Commercial social media that is free does and will track your activity on the site, whether for personalized ads or for algorithm purposes. Lemmy and Mastodon don't because they're FOSS, and don't run on ads (99.9% of the time).

Apple is not considerably better for privacy either by rhe way. They just pay more for marketing that says they're more private than the rest of big tech.

Commercial social media that is free does and will track your activity on the site

I don't think many people have an issue with this. It's all the bullshit they pull to track you off the site that is the problem, and they do a lot of that.

Edit: and the selling of that information to third parties that you would never consent to. That's also a huge issue.

I don't think my adblocker cares what kind of ads they're trying to show me. If anything their algorithms will just get confused for why this guy who used to be here hours every day now only comes to watch war videos once a day but no longer comments or upvotes anything.

How are people adblocking them on mobile?

Firefox lets you adblock.

a pihole can get you 90% of the way and it works in all apps and any other smart devices you have., but it doesn't work well if the site isn't using a 3rd party ad service (think YouTube, facebook)

My assumption was that at this point the majority of people are using the official reddit app, but I guess that's an option for now.

On Android anyway. No AdBlock (at least ublock) still on Firefox for IOS I believe due to platform restrictions. But would be cool if I'm wrong.
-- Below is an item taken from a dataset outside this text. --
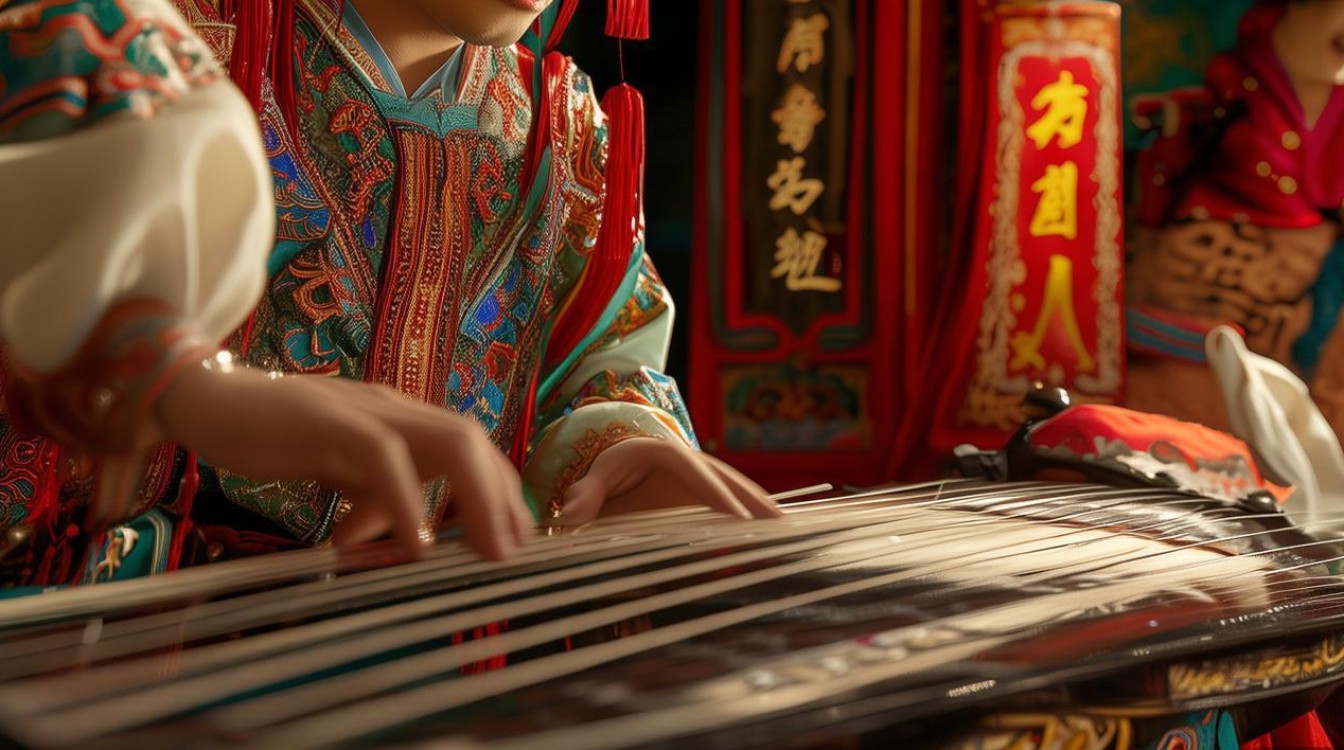 戏曲丝弦解建和演唱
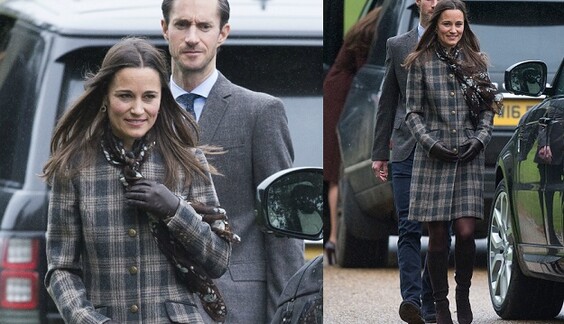 Переплюнуть сестру: стали известны подробности свадьбы Пиппы Миддлтон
RedReader still works. If you're gonna look at reddit, I recommend it. You can even turn off all the interaction buttons, so it's like a "look, don't touch" museum.

I uninstalled it though. Reddit is in too terrible a state to bother with any longer, except sometimes as a search result, imo.

Edit: I'm speaking of android though. Idk if redreader has an ios version or not.

Which mobile? On Android you can use AdAway. A network level adblocker on your router can also take care of many ads for every device connected to it.

Here's the best summary I could make of the linked article


Reddit is removing the option for users to opt out of personalized ads. The site will now target ads based on a user's activity and account information. Reddit claims this requires little personal data and will improve ad relevance. However, users will no longer have control over whether their data is used this way. They can only filter ads by category, not opt out entirely. Personalized ads will still be optional in some countries due to GDPR laws.

Overall, Reddit users can expect to see more targeted ads based on their engagement with different communities and content.


This comment was generated by a bot. Send comments and complaints via private message.

Best of luck with that.

Have you heard anything about uBlock origin, Ghostery and similar programs?

I mean, does it really matter? At the end of the day, an obnoxious ad is an obnoxious ad regardless of wether it’s targets or not. Or am I missing something?

Any company/developer that puts ads in their app deserves to fade into irrelevant obscurity. And the more people put up with it and pay into it to remove the ads, the more you’re rewarding the behavior.

And it’s ironic that I’m sure a large percentage of people that pay to remove ads are the same people that whine about people pre-ordering games.

Sorry for the rant. But this shit aggravates me.

Or am I missing something?

I think the only distinguishing factor is to target, it must gather data. So that means your activity is being tracked, stored, and shared with third parties. Of course for some people this will matter more than to others, but for those privacy focused you now know for certain they are storing data on you, potentially making money off of selling it, with no way to opt out.